> _ASSIGNMENT_: Only the pictures should be dropped; copy the rest of the entries exactly.

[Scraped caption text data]

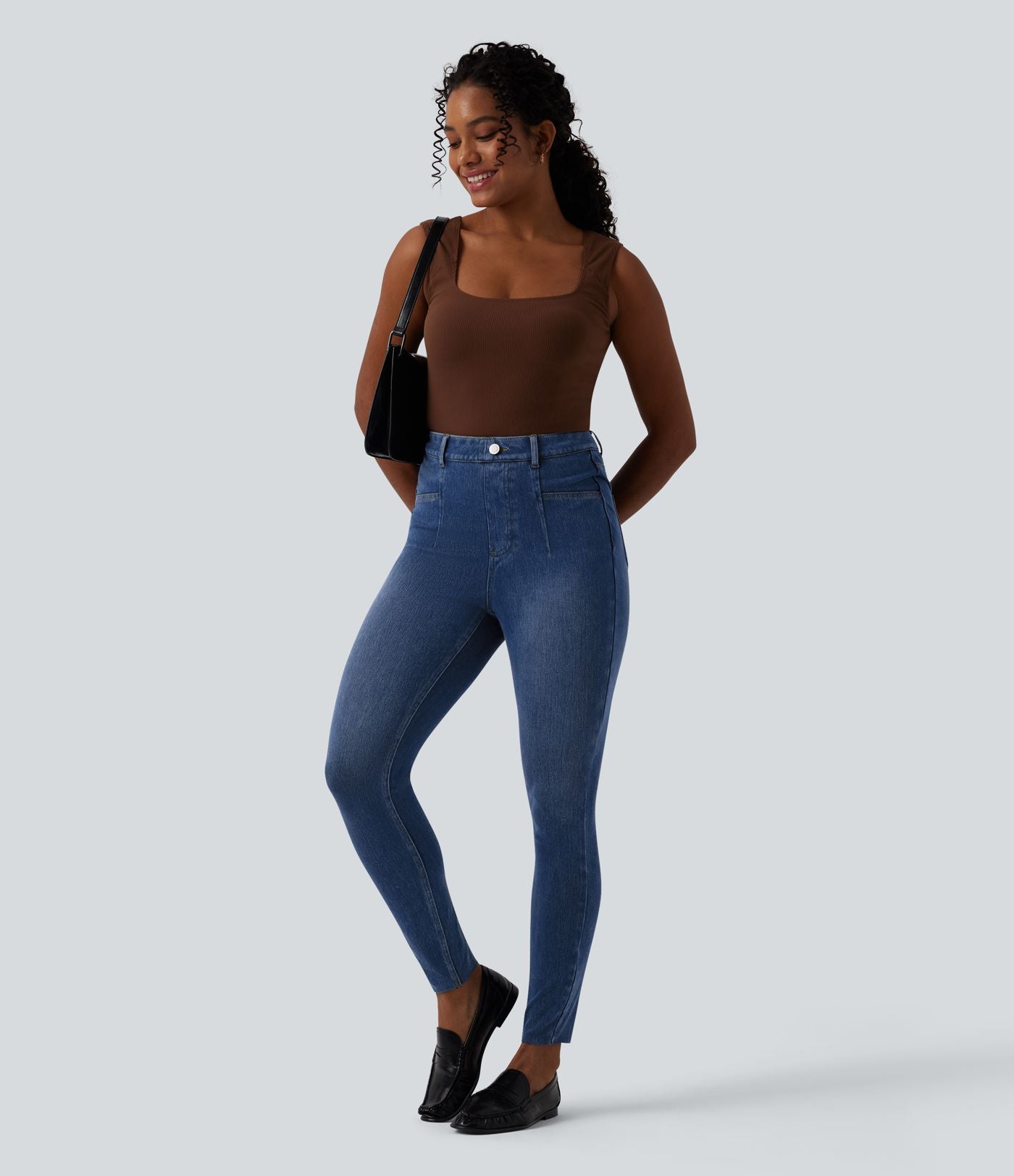 Jegging Halara Flex™ gainant casual taille haute avec poches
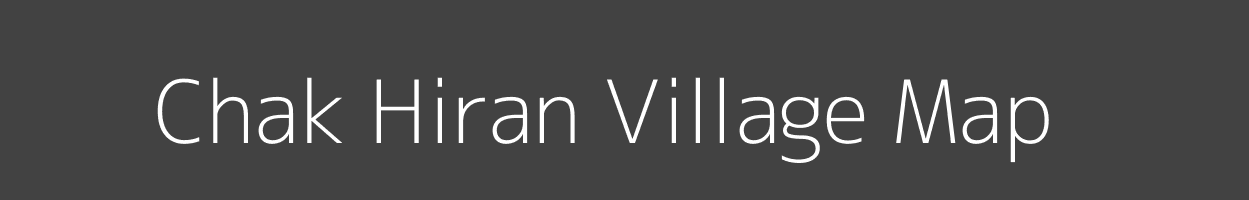 Map of Chak Hiran Village in Jammu and Kashmir Image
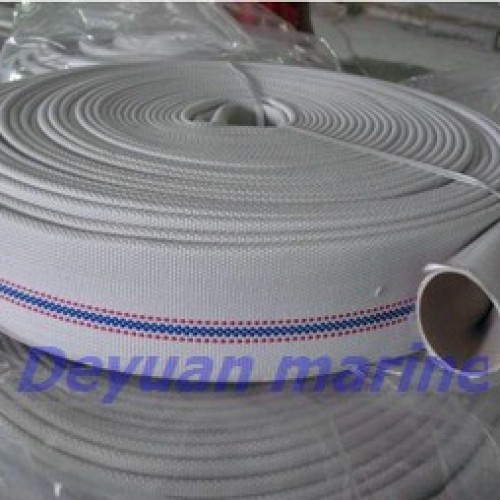 Rubber lining fire hose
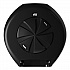 3 Roll Bath Tissue Roll Dispenser for OptiCore, 14.12 x 6.31 x 14.56, Black (565828)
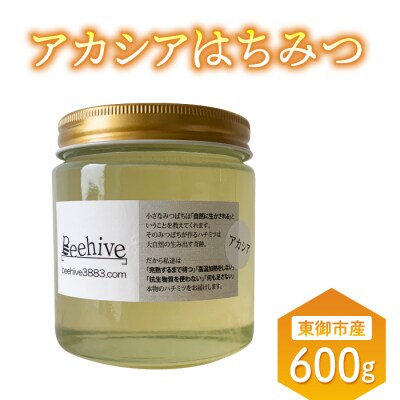 旅する養蜂家厳選!東御市産アカシアはちみつ600g【ビーハイブ】
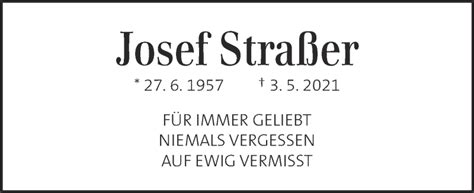 Traueranzeigen von Josef Straßer trauer kleinezeitung at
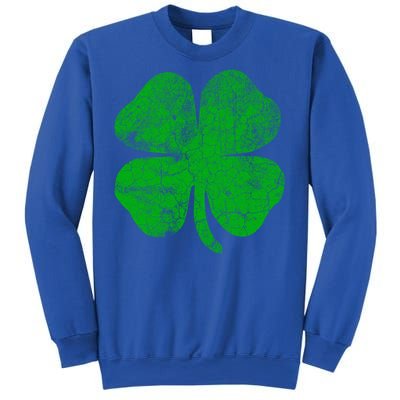 Vintage Irish Clover St Patrick's Day Lucky Graphic Gift Sweatshirt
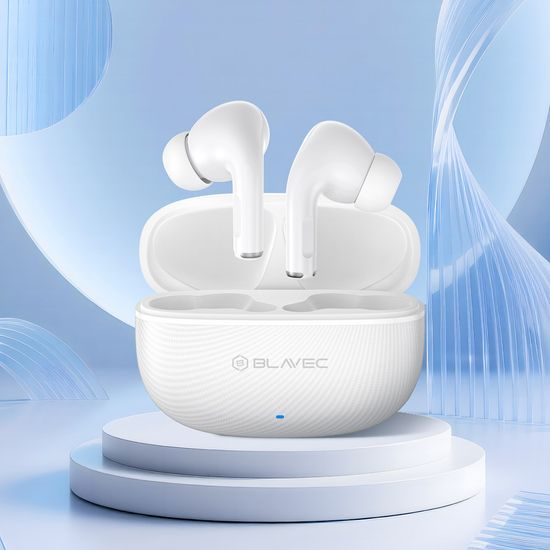 Blavec BW-02 Carbon TWS Bluetooth Oordopjes - Bluetooth 6.0 - Wit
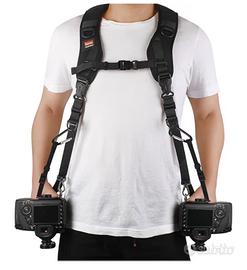 Cinchia per fotocamere doppia tracolla
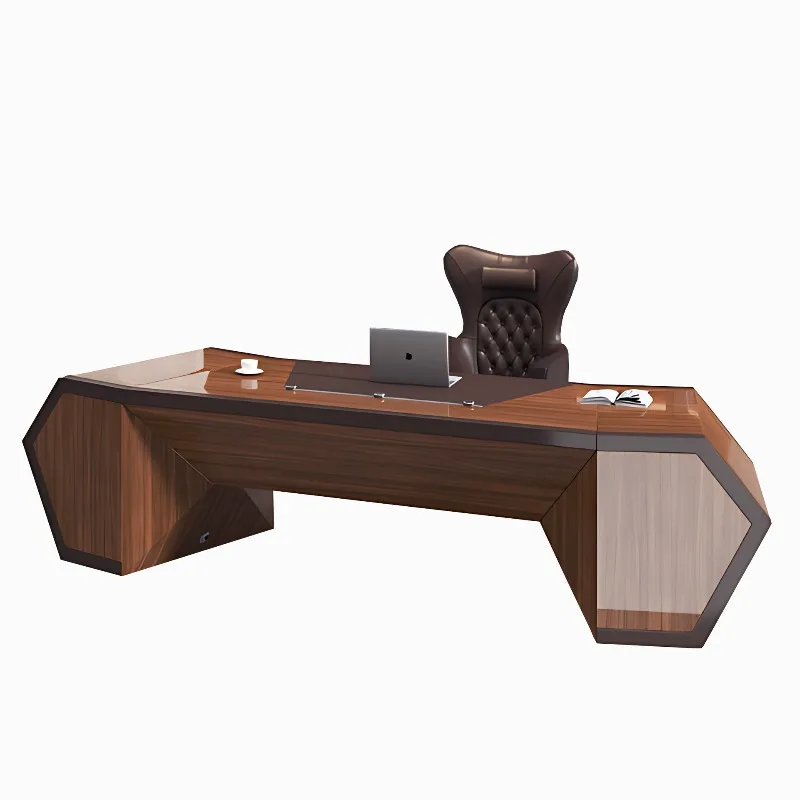 Boss table, office furniture fixed, solid wood Nordic c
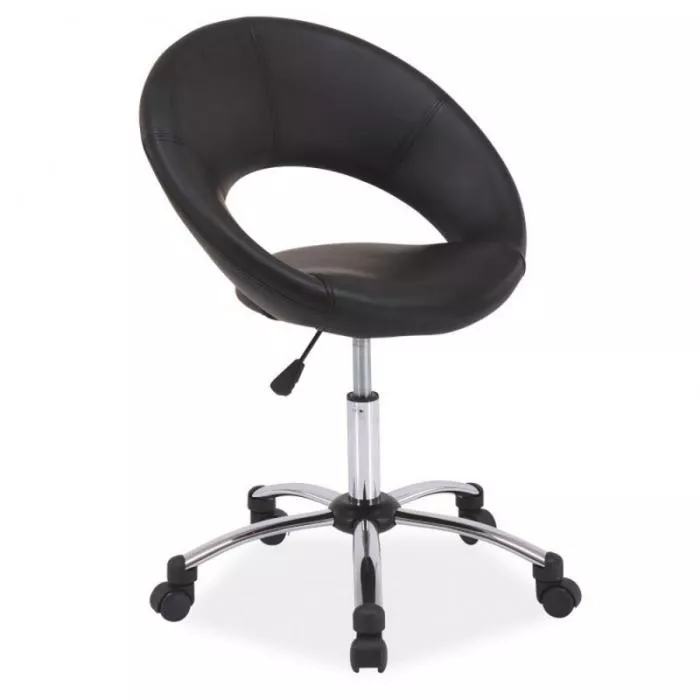Scaun birou SL Q128 negru, [],https:mobideco.ro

> _ANSWER TO THE EXERCISE_:
 Jegging Halara Flex™ gainant casual taille haute avec poches
 Map of Chak Hiran Village in Jammu and Kashmir Image
 Rubber lining fire hose
 3 Roll Bath Tissue Roll Dispenser for OptiCore, 14.12 x 6.31 x 14.56, Black (565828)
 旅する養蜂家厳選!東御市産アカシアはちみつ600g【ビーハイブ】
 Traueranzeigen von Josef Straßer trauer kleinezeitung at
 Vintage Irish Clover St Patrick's Day Lucky Graphic Gift Sweatshirt
 Blavec BW-02 Carbon TWS Bluetooth Oordopjes - Bluetooth 6.0 - Wit
 Cinchia per fotocamere doppia tracolla
 Boss table, office furniture fixed, solid wood Nordic c
Scaun birou SL Q128 negru, [],https:mobideco.ro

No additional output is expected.